Мы с Андреем ходили к Бондарчуку. Думали, он поможет. Он тогда уже заканчивал вторую серию "Войны и мира", записывал музыку, спешил поспеть к Московскому кинофестивалю. Он был в большой силе, в ЦК перед ним расшаркивались. Но ему было не до нас, он слушал, не слыша, улыбался. Мы-то, наивные, надеялись, что он сейчас пойдет, все решит! А может, он понимал, что и его вмешательство ничего не даст? Ну что бы он сказал в ЦК? "Негодяи! Мучители! Разрешите! Отпустите!"?

Вот так создавалась моя вторая легенда, вторая киносказка.

Премьера ее состоялась через двадцать лет. Я волновался. Беспокоился, не устарела ли картина. Нет, не устарела. Наверное, потому, что сделана вне стиля. Устаревает в кино прежде всего стиль, форма, а "Ася" бесформенна. Она – как хроника, а хроника не стареет. Само содержание документа сохраняет значение вне зависимости от времени. Картина сделана на одном дыхании, не распадается.

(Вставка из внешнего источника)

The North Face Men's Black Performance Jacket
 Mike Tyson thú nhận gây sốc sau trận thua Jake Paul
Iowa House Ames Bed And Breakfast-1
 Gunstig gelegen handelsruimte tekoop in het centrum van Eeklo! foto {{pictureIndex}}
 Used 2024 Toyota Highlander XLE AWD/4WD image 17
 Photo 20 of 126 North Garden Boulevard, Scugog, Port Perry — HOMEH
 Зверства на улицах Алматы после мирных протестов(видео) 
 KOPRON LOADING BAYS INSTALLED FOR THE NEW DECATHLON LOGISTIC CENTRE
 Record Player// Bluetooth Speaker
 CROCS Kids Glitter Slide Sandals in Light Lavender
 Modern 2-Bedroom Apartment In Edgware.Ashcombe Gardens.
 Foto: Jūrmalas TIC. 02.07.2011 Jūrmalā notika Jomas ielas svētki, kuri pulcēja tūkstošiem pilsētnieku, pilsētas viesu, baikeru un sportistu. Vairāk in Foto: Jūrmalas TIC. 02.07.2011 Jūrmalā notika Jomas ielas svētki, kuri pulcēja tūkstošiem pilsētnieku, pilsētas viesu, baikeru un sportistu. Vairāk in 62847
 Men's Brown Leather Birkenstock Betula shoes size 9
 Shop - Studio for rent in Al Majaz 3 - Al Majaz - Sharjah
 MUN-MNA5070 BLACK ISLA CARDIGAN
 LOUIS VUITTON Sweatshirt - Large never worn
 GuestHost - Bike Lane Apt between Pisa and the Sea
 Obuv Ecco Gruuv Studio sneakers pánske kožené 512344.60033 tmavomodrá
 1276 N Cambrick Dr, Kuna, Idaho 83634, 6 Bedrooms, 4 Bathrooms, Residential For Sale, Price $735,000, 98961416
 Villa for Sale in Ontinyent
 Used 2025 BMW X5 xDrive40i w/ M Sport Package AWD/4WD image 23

Ее снимал свободный безответственный человек. Безответственный не перед руководством, а перед лицом природы искусства. Он как бы еще не ведал о художественных законах и правилах, а просто шел себе, насвистывая, по лесу, не догадываясь, какие лешие, бабы-яги и соловьи-разбойники прячутся за деревьями. Он был счастлив в своем неведении.

Наверное, это одно из самых сложных в искусстве – быть внутренне до конца раскованным. Только один раз после "Аси" я был так же внутренне свободен – когда снимал "Курочку Рябу".

Мне трудно сейчас смотреть "Асю Клячину". Есть среди моих почитателей те, кто считают ее лучшим, что я сделал в кино. Она как бы невыдуманная, в ней дыхание естества... Все правильно. Но сейчас все это не открытие. Всего этого полно в документальном кино, в телевизионных репортажах. И снимается точно так же: ставится камера, бабке наливается пятьдесят грамм, и она выдает правду жизни!.. Возможно, я говорю с перехлестом. Конечно, в "Асе" есть дыхание России, есть красота и боль подлинности, но главное – абсолютная свобода. И все же зрителю в основной своей массе (про западного уж и не говорю) картину смотреть скучновато. Мне и самому трудно слушать эти долгие монологи. Скучно, но не мертво, не устарело – это успокаивает.